I met some problem of memory copy speed. But I don’t know why?
I have two pcs whose setup are as:
PC1(workstation):
CPU:Xeon 3.4G*2
VGA:GTX 285(compute capability 1.3)
CUDA version:2.2Beta
Bandwidth calculated by cuda example
Host to Device:920MB/Sec
Device to Host:872MB/Sec
PC2(IPC):
CPU:Core2 2.4G Q core
VGA:9800GTX(compute capability 1.1)
CUDA version:2.0
Bandwidth calculated by cuda example
Host to Device:1766MB/Sec
Device to Host:1433MB/Sec
My code is to copy a 81925000 unsigned short data from host to device.
and then copy 2 81925000 char data from device to host.
the transfter time is very strange:
PC1:63ms
PC2:74ms
Why?I think the copy time depend on bandwidth, but it seems not to be like what I said.
Why?any thing I missed?
Hi,
you are transfering very small packages of 40MB*sizeof(unsigned short). May be time measurement is not prcise enough due to coarse time steps and latency effects of the memory transfer.

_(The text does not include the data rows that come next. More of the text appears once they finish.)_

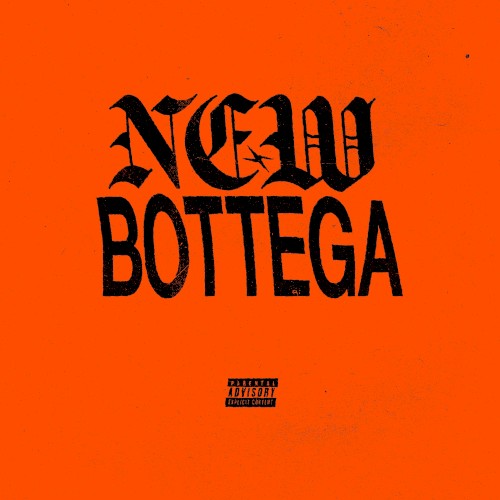 New Bottega (extended mix)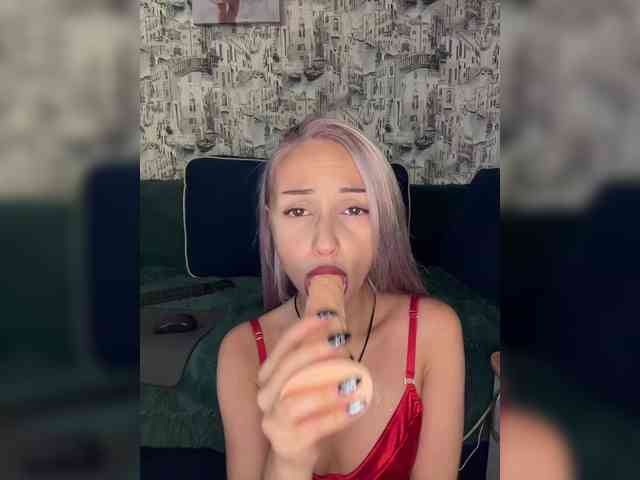 Asura_BeFre webcam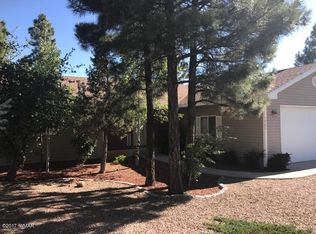 1960 W Merrill, Show Low, AZ 85901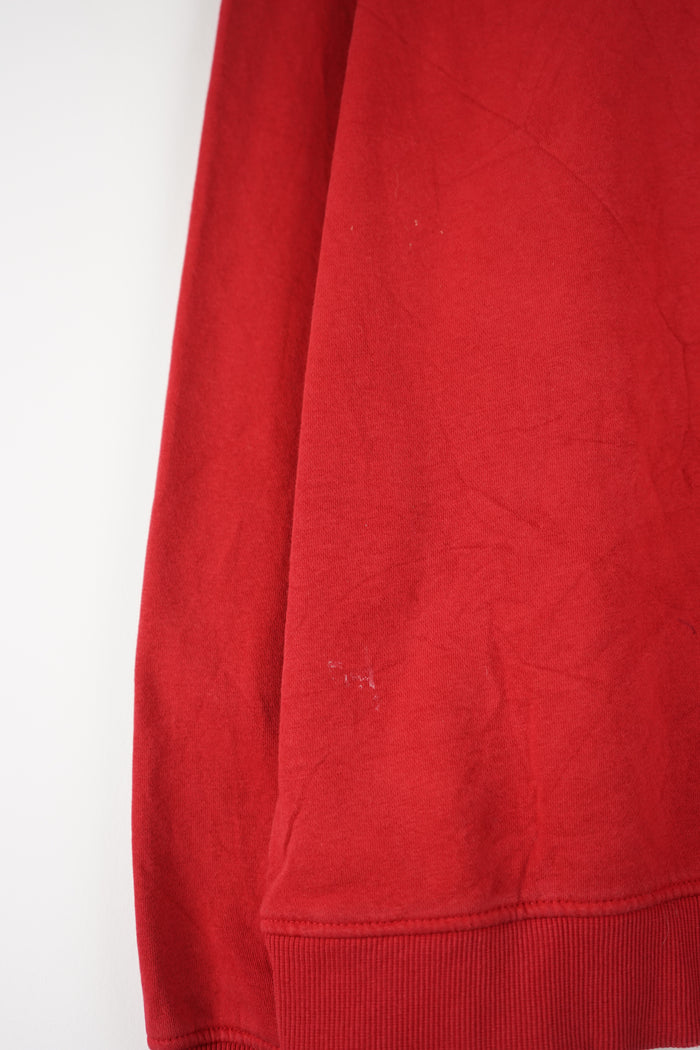 VINTAGE GUESS LOS ANGELES SWEATER (L)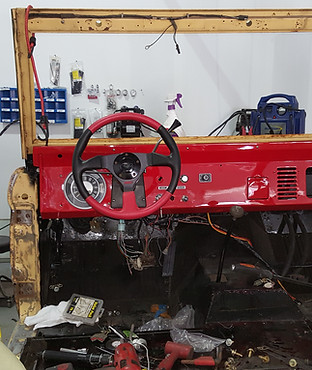 Deez Nuts And Bolts: Mobile Classic Car Specialist in Loxahatchee, FL (6)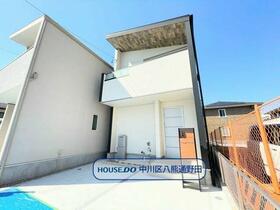 愛知県名古屋市中川区打中２丁目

Also, unless you’re using pinned memory (doubtful given the figures from the CUDA SDK bandwidthTest), you’re also timing the CPU’s memory subsystem, since the CUDA runtime has to copy data into its own pinned memory buffers prior to the PCIe transfer. FWIW, on my machine, the latency of a PCIe transfer from pinned memory is about 10 microseconds.